(Stored data entries)
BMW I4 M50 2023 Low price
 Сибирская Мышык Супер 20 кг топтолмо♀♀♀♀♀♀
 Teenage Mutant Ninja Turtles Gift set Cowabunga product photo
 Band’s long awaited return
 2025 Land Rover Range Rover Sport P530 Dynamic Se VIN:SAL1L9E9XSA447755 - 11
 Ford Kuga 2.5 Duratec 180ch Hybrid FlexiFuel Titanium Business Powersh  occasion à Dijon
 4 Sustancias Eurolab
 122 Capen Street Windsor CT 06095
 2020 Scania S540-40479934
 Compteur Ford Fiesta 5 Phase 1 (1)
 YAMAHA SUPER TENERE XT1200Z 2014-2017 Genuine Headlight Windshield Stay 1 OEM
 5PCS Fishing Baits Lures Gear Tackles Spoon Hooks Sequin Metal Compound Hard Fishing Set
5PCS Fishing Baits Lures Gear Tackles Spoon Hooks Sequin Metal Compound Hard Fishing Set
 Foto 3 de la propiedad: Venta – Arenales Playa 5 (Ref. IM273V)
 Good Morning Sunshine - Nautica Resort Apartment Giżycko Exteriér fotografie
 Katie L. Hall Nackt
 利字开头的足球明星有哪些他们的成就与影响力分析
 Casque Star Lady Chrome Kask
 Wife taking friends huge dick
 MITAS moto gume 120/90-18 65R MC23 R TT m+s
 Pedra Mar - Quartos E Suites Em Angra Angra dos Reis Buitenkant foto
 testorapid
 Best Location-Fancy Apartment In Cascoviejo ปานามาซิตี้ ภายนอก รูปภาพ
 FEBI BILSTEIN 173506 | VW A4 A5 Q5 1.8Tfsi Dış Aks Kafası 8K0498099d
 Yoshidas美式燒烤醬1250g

Try it - Output exactly what runs from the line with "4 Sustancias Eurolab" to the final line above, both lines included, and nothing else.

Written solution -
 4 Sustancias Eurolab
 122 Capen Street Windsor CT 06095
 2020 Scania S540-40479934
 Compteur Ford Fiesta 5 Phase 1 (1)
 YAMAHA SUPER TENERE XT1200Z 2014-2017 Genuine Headlight Windshield Stay 1 OEM
 5PCS Fishing Baits Lures Gear Tackles Spoon Hooks Sequin Metal Compound Hard Fishing Set
5PCS Fishing Baits Lures Gear Tackles Spoon Hooks Sequin Metal Compound Hard Fishing Set
 Foto 3 de la propiedad: Venta – Arenales Playa 5 (Ref. IM273V)
 Good Morning Sunshine - Nautica Resort Apartment Giżycko Exteriér fotografie
 Katie L. Hall Nackt
 利字开头的足球明星有哪些他们的成就与影响力分析
 Casque Star Lady Chrome Kask
 Wife taking friends huge dick
 MITAS moto gume 120/90-18 65R MC23 R TT m+s
 Pedra Mar - Quartos E Suites Em Angra Angra dos Reis Buitenkant foto
 testorapid
 Best Location-Fancy Apartment In Cascoviejo ปานามาซิตี้ ภายนอก รูปภาพ
 FEBI BILSTEIN 173506 | VW A4 A5 Q5 1.8Tfsi Dış Aks Kafası 8K0498099d
 Yoshidas美式燒烤醬1250g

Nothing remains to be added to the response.